AXA ART in conversation with Dorit Straus, member of AXA ART Americas Board of Directors and Presidential appointee to the Cultural Property Advisory Committee

In June of 2014, AXA ART Americas elected Dorit Straus as member of its board of directors. Straus’s career as an important contributor to the fine art insurance industry spans 30 years. She has authored commentary on the implications of art theft, on the insurance industry and on insuring art. In 2013 Ms. Straus retired from her position as Worldwide Fine Art Manager at the Chubb Group of Insurance Companies, and now spends her time as an independent consultant and advocate for artists and the arts. Ms. Straus was recently appointed by President Obama as Member of the Cultural Property Advisory Committee, US Department of State, Bureau of Educational and Cultural Affairs.

AXA ART posed several question to Dorit Straus about the Cultural Property Advisory Committee and what she brings to the role as Member:

Q. Congratulations on this new appointment. Tell us a bit about the mission of the Cultural Property Advisory Committee?

The United States is among 121 States that are a party to the 1970 UNESCO Convention on the Means of Prohibiting and Preventing the Illicit Import, Export and Transfer of Ownership of Cultural Property. This convention provides a framework for cooperation among nations to reduce the incentive for pillage of archeological and ethnological materials. The United States played an active role in drafting the 1970 UNESCO Convention. This Convention was a direct response to the problem of the pillage of cultural property from countries who were culturally rich but have limited resources to protect their national patrimony, a problem which continues to this very day evidenced by numerous media reports.
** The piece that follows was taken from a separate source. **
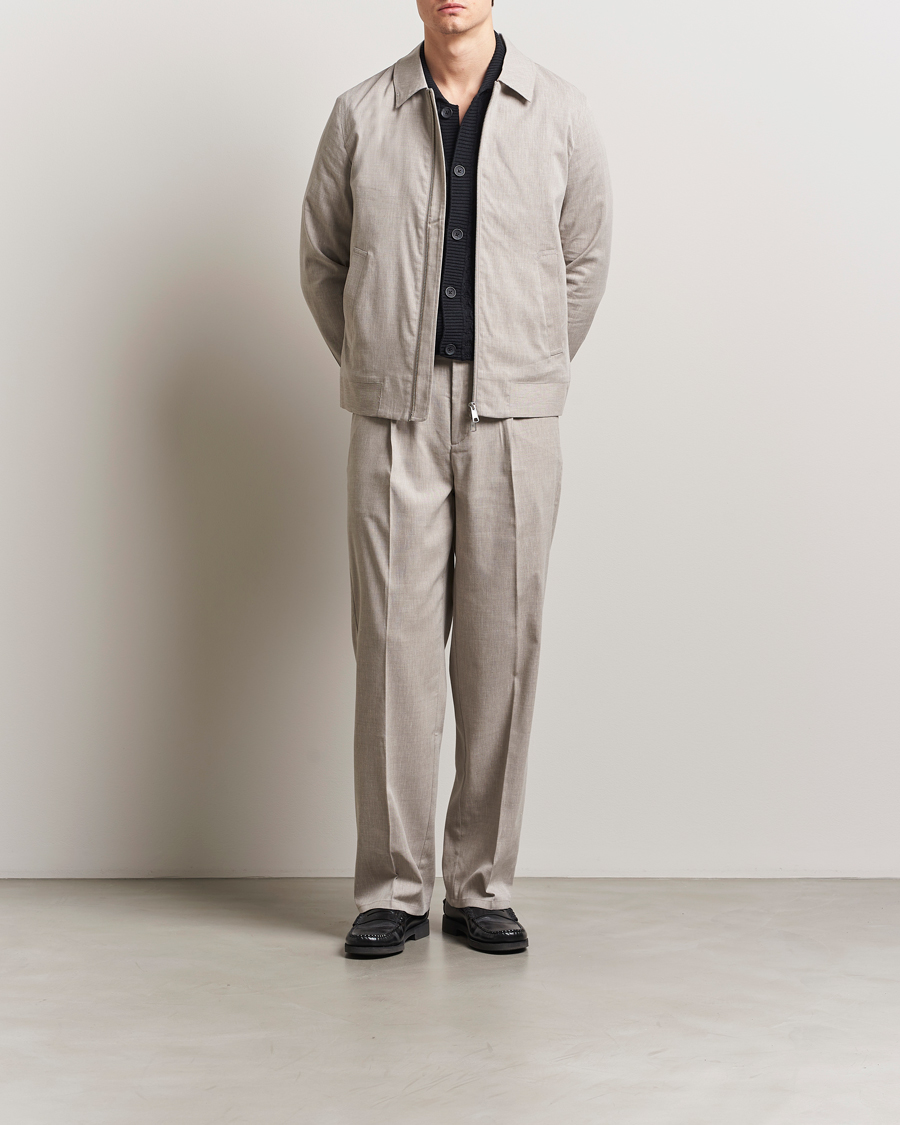 Les Deux Reece Pleated Slub Suit Pants Light Sand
The impact of pillage either through looting or due to conflicts of war deprives a nation of its cultural heritage. Unscientific digs of archeological sites destroys historical context and the final result is irretrievable loss of historical information.

The Convention on Cultural Property Implementation Act enables the United States to implement the 1970 UNESCO Convention. The Act allows the United States to impose import restrictions on certain archaeological and ethnological material when the nation's cultural heritage is in jeopardy from pillage. If the Assistant Secretary of State for Educational and Cultural Affairs (ECA) makes certain determinations, including that that cultural heritage of a requesting state is in jeopardy from pillage of archaeological or ethnological materials, the U.S. government may impose import restrictions on such material.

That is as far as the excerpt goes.